Semantic Web Lecture Part 1. Prof. Do van Thanh

Semantic Web Lecture Part 1 Prof. Do van Thanh

Overview of the lecture Part 1 Why Semantic Web? Part 2 Semantic Web components: XML - XML Schema Part 3 - Semantic Web components: RDF RDF Schema Part 4 - Semantic Web components: DAML - OWL

Why Semantic Web?

Let us start with the current World Wide Web Definition of the WWW: Wide-area hypermedia information retrieval initiative aiming to give universal access to a large universe of documents

How was the Web created? The Web began in March 1989, when Tim Berners- Lee of CERN (European Organization for Nuclear Research) proposed the project to be used as a means of transporting research and ideas effectively throughout the organization.

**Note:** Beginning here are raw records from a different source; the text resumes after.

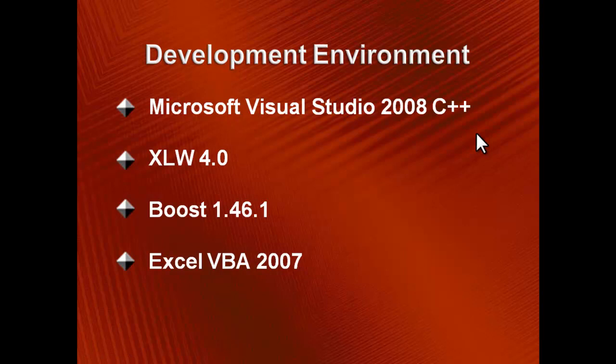Here you can see the software tools used for the project. XLW is the tool that allows you to export C++ functions into Excel, and thus combine the computational power of C++ with the flexible interface that is easy to create in Excel or Excel VBA.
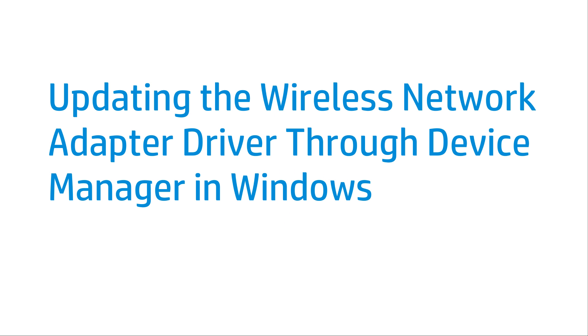This video shows how to update the Wireless Network Adapter driver through Device Manager in Windows. Updating the Wireless Network Adapter driver can help resolve common issues with your wireless Internet connection.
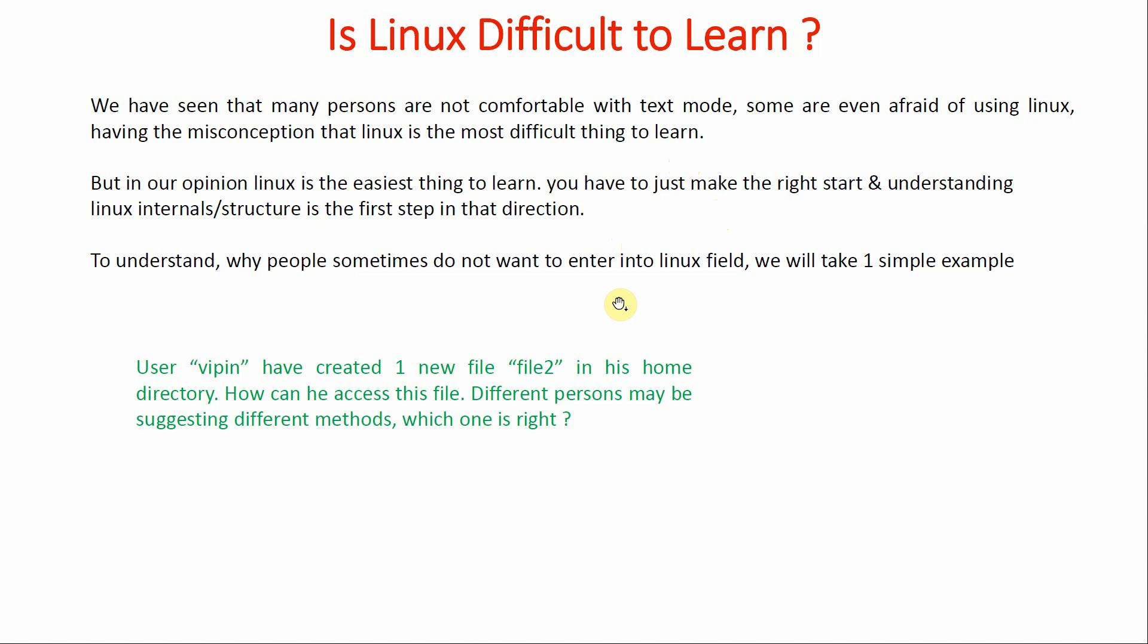Now we will try to find out why people sometimes do not want to enter into the Linux field. We will take one simple example. We will login as a vipin user and create one new file, file2, in the home directory.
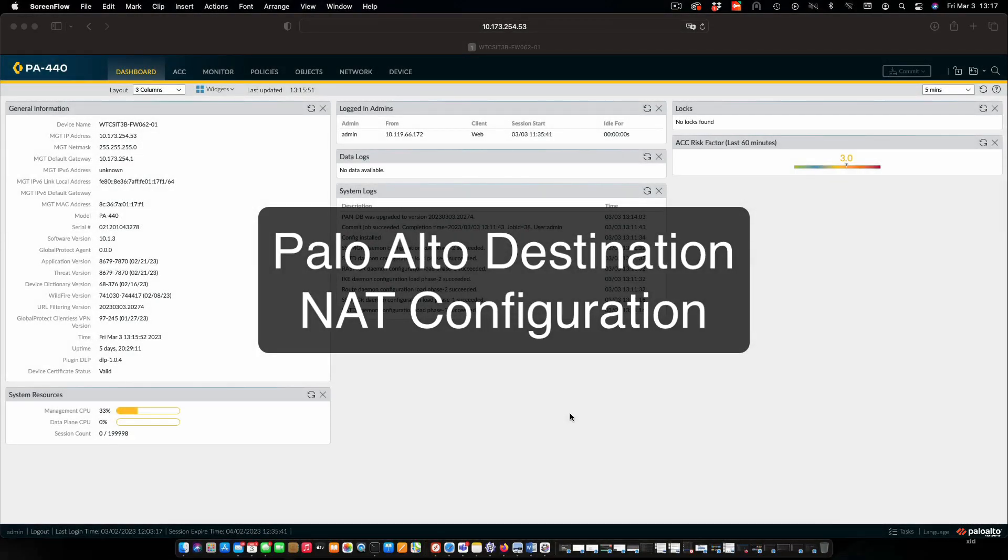Hi everyone and welcome. In this review note, we are going to configure network address translation on our Palo Alto firewalls to allow hosts on the internet to connect to our web server in the DMZ.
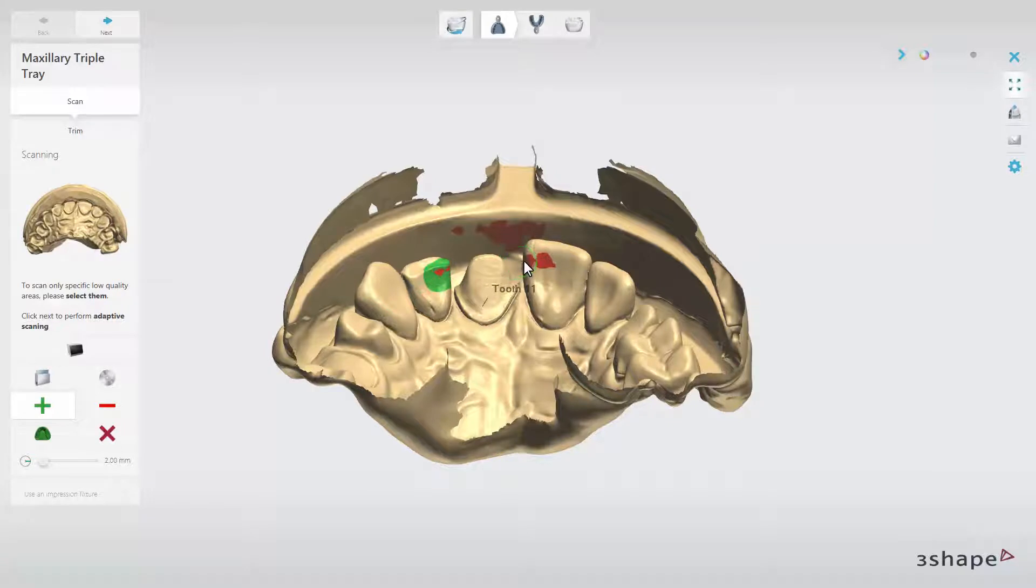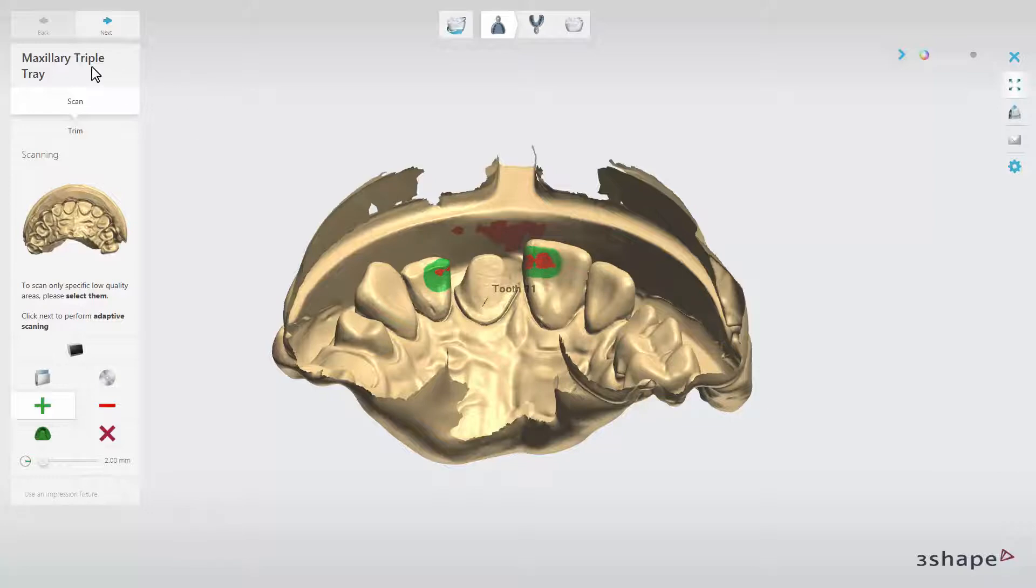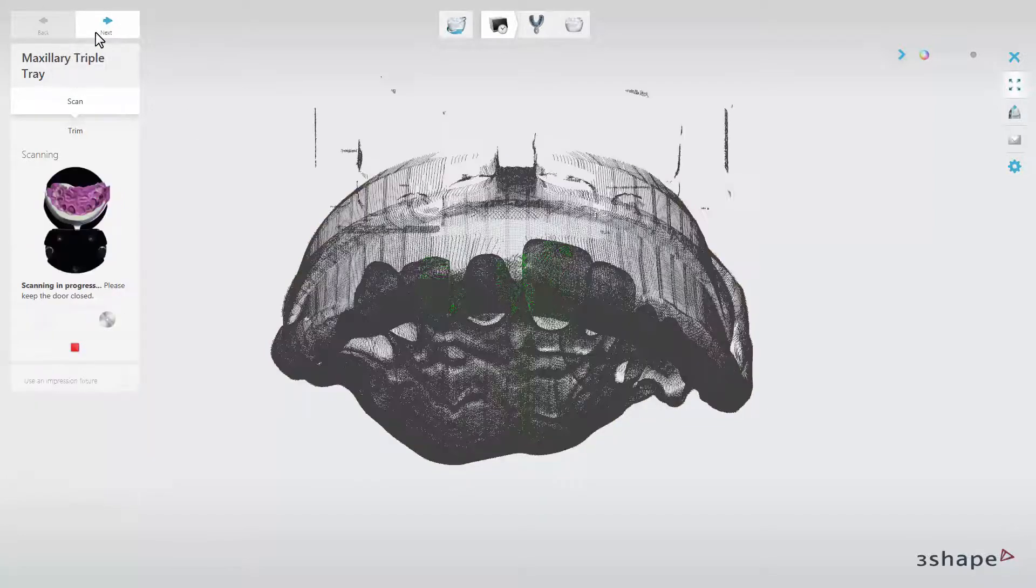It will allow you to re-scan selected areas. Just mark the parts of the scan that should be re-scanned and click Next. The scanner will re-scan it.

Taken over by World Wide Web Consortium (W3C), an International industry consortium founded in 1994 whose purpose is to develops interoperable technologies (specifications, guidelines, software, and tools) to lead the Web to its full potential.

Web server Documents in HTML WWW Web browser Web surfing!

How does the Web works The Web works under the popular client-server model: The client is called Web browser The server is called Web server

A web browser A software application that enables a user to display and interact with HTML documents hosted by web servers or held in a file system. Examples are Microsoft Internet Explorer, Mozilla Firefox, Opera, Netscape Navigator and Safari. A browser is the most commonly used kind of user agent.

web server A computer that is responsible for accepting HTTP requests from clients, the web browsers, and serving them web pages, which are usually HTML documents.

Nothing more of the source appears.